I'm betting on Congress folding, but possibly not until after the default, they're that thick.
posted by Brandon Blatcher at 6:52 PM on July 25, 2011


If you live in DC perhaps you should make your way to the Hill and stand outside with a large number of your fellow residents and ask congress politely to consider your point of view. To keep the mosquitos at bay, I recommend carrying one of those citronella torches. Also since you may be standing for a while bring a pitch fork, as you can stick it into the ground and use it as a leaning stick. I'd come but I seem to have lost my shit somewhere, have you seen it? I'm hoping it will turn up in the morning. Also I've been drinking heavily so you should probably ignore my advice from this point out.
posted by humanfont at 6:52 PM on July 25, 2011 [16 favorites]

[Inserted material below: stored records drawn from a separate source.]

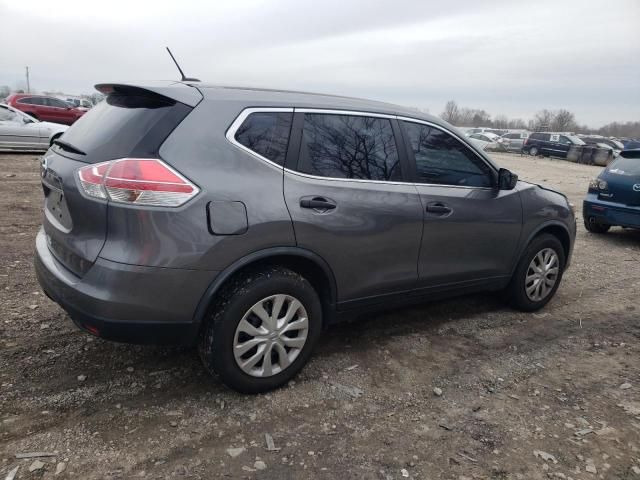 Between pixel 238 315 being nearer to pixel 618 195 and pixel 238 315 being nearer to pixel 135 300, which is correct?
pixel 135 300

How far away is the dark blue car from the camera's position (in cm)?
748

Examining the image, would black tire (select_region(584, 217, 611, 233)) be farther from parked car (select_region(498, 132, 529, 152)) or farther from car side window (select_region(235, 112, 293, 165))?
parked car (select_region(498, 132, 529, 152))

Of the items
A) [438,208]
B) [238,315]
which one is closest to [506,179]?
[438,208]

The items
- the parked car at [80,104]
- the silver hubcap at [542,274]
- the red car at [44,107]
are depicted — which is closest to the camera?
the silver hubcap at [542,274]

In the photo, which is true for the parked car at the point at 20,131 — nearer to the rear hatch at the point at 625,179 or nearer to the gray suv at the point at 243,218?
the gray suv at the point at 243,218

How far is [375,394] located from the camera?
3158 millimetres

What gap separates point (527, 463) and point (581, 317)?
8.30 feet

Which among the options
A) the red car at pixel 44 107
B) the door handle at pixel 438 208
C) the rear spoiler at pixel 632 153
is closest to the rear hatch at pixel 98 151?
the door handle at pixel 438 208

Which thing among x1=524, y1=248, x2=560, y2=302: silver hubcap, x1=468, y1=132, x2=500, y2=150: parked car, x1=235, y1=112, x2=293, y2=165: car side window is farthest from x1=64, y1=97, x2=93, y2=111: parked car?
x1=468, y1=132, x2=500, y2=150: parked car

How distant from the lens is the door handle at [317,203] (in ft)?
9.72

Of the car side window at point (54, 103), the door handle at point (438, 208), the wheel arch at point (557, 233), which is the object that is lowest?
the car side window at point (54, 103)

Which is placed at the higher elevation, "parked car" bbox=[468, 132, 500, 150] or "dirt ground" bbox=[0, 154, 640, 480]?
"parked car" bbox=[468, 132, 500, 150]

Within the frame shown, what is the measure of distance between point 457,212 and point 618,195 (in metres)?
5.31

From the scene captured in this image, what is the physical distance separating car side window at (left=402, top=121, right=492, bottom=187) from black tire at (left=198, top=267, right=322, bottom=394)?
128 centimetres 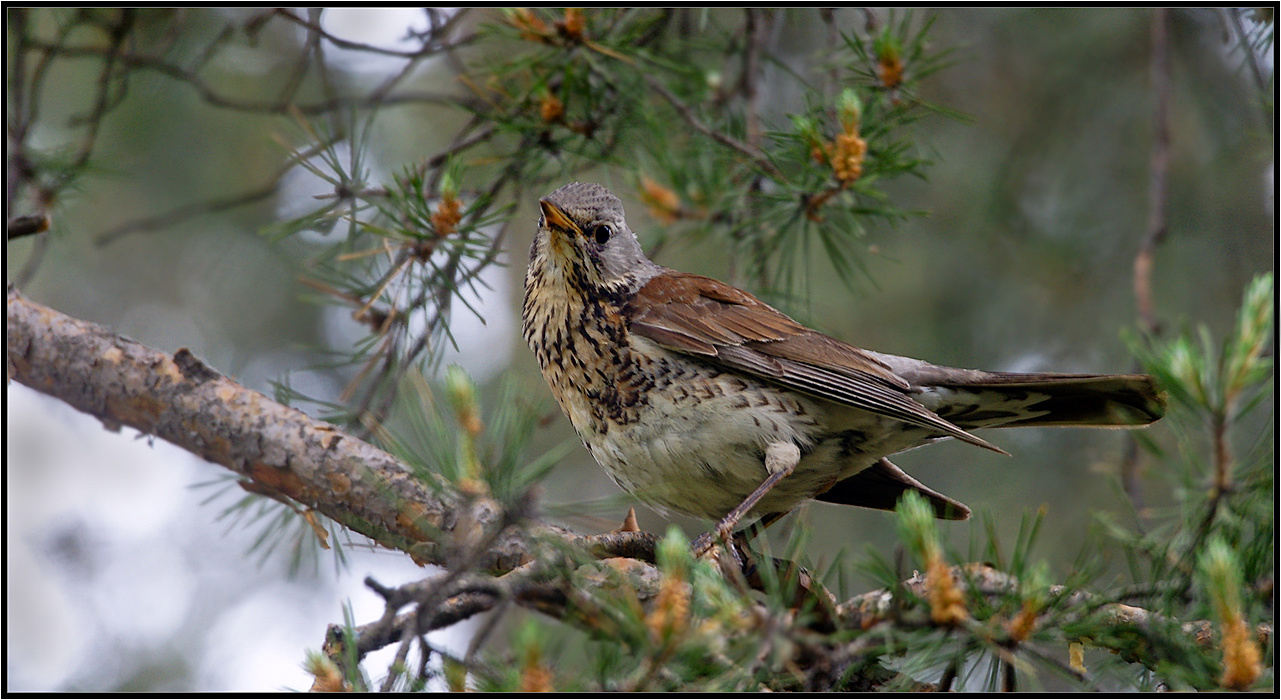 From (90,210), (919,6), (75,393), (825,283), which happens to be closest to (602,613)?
(75,393)

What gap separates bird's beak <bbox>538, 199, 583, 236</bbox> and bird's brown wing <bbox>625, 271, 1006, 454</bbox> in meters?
0.29

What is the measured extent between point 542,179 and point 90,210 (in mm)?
3348

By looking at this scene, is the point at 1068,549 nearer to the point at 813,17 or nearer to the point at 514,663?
the point at 813,17

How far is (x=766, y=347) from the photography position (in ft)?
9.07

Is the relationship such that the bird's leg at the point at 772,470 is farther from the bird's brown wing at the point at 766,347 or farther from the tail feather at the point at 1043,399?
the tail feather at the point at 1043,399

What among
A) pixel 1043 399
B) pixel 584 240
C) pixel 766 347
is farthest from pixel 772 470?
pixel 584 240

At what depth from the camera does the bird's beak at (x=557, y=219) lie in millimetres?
2818

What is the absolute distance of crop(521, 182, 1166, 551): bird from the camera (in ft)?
8.52

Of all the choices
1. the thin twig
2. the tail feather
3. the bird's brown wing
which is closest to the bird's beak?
the bird's brown wing

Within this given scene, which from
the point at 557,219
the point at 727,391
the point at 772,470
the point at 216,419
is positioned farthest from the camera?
the point at 557,219

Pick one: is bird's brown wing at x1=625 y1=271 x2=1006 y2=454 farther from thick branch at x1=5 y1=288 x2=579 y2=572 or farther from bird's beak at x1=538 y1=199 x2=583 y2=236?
thick branch at x1=5 y1=288 x2=579 y2=572

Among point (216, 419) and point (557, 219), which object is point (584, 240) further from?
point (216, 419)

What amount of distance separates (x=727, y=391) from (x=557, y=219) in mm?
746

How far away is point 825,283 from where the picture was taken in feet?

He could have also stated his intention to use his executive power to use the 14th Amendment option if order to keep the U.S. going (and let the courts battle it out later on ) if the Republicans won't be reasonable - that would have been a significant game changer.

How so? Given that that option is still available what "game" would it "change" to threaten it? Will it frighten intransigent Republicans into conceding?
posted by octobersurprise at 6:53 PM on July 25, 2011


So, well, fuck all this. Where's that possibly habitable planet again?

Gliese 581d

As long as they're cool with gay sex and martinis I'm down.


Only vodka martinis, there is no juniper there.
posted by furiousxgeorge at 6:53 PM on July 25, 2011


Obama was calm assured and Boehner looked like he just went through the weekend from hell.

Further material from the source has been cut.